* WHAT YOU ARE ASKED TO DO:
From the line below that contains "4th image of 2856 El Roble Dr" to the line that contains "Tasse (A) en", repeat every line exactly, both ends included, and nothing else.

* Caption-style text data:
== == ==

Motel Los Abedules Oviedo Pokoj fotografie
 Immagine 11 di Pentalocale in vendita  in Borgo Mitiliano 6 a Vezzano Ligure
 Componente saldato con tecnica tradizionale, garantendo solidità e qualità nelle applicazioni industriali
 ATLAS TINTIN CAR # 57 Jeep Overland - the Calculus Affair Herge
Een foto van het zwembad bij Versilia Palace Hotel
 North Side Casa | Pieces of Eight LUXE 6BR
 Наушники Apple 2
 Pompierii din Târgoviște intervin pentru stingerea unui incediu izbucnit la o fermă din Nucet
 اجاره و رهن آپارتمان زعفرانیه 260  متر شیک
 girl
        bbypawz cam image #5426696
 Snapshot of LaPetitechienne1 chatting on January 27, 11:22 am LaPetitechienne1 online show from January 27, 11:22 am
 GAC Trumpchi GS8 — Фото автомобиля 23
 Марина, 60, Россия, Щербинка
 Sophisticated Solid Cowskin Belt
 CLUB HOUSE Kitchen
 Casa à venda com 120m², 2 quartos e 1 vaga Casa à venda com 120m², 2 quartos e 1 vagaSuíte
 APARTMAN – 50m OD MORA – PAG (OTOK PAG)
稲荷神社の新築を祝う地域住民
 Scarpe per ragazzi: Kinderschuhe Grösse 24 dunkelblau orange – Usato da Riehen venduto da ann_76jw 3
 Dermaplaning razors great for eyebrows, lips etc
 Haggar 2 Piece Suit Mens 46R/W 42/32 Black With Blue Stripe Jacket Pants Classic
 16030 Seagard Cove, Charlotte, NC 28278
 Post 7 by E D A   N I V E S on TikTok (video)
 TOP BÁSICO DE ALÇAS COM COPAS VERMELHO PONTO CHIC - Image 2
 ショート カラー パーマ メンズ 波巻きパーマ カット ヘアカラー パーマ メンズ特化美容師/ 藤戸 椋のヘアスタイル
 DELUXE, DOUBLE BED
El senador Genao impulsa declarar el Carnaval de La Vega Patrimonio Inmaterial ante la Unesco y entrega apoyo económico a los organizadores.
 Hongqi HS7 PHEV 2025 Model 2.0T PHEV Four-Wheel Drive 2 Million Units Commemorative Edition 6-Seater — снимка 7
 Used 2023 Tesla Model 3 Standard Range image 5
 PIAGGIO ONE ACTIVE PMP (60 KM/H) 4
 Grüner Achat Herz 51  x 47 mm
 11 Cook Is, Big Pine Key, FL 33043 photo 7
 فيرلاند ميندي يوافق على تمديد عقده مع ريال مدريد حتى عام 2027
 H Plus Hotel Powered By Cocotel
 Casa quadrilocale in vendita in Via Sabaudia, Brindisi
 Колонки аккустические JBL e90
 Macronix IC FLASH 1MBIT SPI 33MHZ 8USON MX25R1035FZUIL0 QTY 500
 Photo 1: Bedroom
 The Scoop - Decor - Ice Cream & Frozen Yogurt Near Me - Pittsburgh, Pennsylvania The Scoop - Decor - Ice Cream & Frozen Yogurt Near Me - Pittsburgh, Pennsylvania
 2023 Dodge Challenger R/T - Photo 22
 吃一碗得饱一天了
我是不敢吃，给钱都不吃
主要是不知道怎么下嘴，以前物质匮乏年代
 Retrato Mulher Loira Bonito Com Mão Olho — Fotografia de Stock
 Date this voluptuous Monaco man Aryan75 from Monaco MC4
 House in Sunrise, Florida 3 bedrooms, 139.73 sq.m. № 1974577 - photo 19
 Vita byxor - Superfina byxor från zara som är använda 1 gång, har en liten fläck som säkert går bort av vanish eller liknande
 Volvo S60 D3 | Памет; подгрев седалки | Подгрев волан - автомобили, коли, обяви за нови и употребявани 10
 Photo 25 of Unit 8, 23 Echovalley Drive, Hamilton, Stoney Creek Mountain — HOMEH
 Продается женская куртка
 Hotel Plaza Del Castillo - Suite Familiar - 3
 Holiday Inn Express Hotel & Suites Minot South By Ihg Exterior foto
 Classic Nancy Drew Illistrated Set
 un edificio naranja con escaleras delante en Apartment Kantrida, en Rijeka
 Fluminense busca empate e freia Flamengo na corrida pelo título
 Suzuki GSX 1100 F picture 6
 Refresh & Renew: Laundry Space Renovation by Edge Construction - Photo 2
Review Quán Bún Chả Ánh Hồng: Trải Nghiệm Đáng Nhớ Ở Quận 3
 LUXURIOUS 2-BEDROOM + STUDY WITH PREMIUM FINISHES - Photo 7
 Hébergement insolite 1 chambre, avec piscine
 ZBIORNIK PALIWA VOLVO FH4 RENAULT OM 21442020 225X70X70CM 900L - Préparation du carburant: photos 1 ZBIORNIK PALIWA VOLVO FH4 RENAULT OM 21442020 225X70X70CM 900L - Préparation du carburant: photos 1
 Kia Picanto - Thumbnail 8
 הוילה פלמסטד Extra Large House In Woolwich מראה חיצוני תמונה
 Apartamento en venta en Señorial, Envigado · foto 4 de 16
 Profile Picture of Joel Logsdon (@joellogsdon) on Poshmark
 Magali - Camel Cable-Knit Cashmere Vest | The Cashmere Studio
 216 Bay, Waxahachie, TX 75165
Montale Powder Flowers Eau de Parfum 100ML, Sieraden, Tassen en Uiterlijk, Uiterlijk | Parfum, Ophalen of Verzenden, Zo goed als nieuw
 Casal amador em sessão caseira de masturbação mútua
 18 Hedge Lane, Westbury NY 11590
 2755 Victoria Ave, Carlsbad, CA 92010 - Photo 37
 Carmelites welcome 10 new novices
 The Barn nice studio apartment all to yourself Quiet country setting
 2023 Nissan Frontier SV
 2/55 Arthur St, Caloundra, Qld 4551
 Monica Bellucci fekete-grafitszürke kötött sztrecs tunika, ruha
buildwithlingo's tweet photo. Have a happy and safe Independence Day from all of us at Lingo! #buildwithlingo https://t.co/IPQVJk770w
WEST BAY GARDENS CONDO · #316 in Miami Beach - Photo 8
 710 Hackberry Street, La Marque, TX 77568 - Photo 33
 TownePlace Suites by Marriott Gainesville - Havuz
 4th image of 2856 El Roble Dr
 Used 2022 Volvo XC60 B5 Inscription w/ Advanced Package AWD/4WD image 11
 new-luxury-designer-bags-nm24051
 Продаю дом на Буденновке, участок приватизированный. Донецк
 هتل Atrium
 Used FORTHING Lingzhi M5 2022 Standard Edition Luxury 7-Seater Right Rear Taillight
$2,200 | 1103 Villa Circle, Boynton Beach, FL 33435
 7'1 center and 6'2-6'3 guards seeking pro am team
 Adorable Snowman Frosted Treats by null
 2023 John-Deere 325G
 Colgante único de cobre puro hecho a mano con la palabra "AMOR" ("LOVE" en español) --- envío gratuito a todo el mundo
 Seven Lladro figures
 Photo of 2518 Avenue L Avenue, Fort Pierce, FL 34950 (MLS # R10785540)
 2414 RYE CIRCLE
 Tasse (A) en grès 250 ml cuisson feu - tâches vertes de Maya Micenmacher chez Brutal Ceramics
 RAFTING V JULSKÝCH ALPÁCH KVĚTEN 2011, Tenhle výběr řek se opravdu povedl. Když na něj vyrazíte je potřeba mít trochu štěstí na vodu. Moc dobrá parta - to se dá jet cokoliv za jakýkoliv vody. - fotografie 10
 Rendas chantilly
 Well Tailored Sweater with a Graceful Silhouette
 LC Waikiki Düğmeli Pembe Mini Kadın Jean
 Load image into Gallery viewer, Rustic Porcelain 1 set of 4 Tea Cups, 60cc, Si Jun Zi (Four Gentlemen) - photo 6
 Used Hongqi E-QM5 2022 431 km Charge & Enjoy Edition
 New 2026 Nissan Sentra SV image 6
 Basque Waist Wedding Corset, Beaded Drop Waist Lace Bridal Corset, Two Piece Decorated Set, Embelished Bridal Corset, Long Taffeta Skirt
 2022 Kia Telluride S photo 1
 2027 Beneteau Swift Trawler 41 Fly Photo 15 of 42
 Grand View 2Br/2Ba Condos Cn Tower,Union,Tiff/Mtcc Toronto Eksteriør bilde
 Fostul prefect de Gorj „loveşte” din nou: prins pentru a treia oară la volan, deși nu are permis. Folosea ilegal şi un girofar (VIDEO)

== == ==

* EXERCISE OUTPUT:
 4th image of 2856 El Roble Dr
 Used 2022 Volvo XC60 B5 Inscription w/ Advanced Package AWD/4WD image 11
 new-luxury-designer-bags-nm24051
 Продаю дом на Буденновке, участок приватизированный. Донецк
 هتل Atrium
 Used FORTHING Lingzhi M5 2022 Standard Edition Luxury 7-Seater Right Rear Taillight
$2,200 | 1103 Villa Circle, Boynton Beach, FL 33435
 7'1 center and 6'2-6'3 guards seeking pro am team
 Adorable Snowman Frosted Treats by null
 2023 John-Deere 325G
 Colgante único de cobre puro hecho a mano con la palabra "AMOR" ("LOVE" en español) --- envío gratuito a todo el mundo
 Seven Lladro figures
 Photo of 2518 Avenue L Avenue, Fort Pierce, FL 34950 (MLS # R10785540)
 2414 RYE CIRCLE
 Tasse (A) en grès 250 ml cuisson feu - tâches vertes de Maya Micenmacher chez Brutal Ceramics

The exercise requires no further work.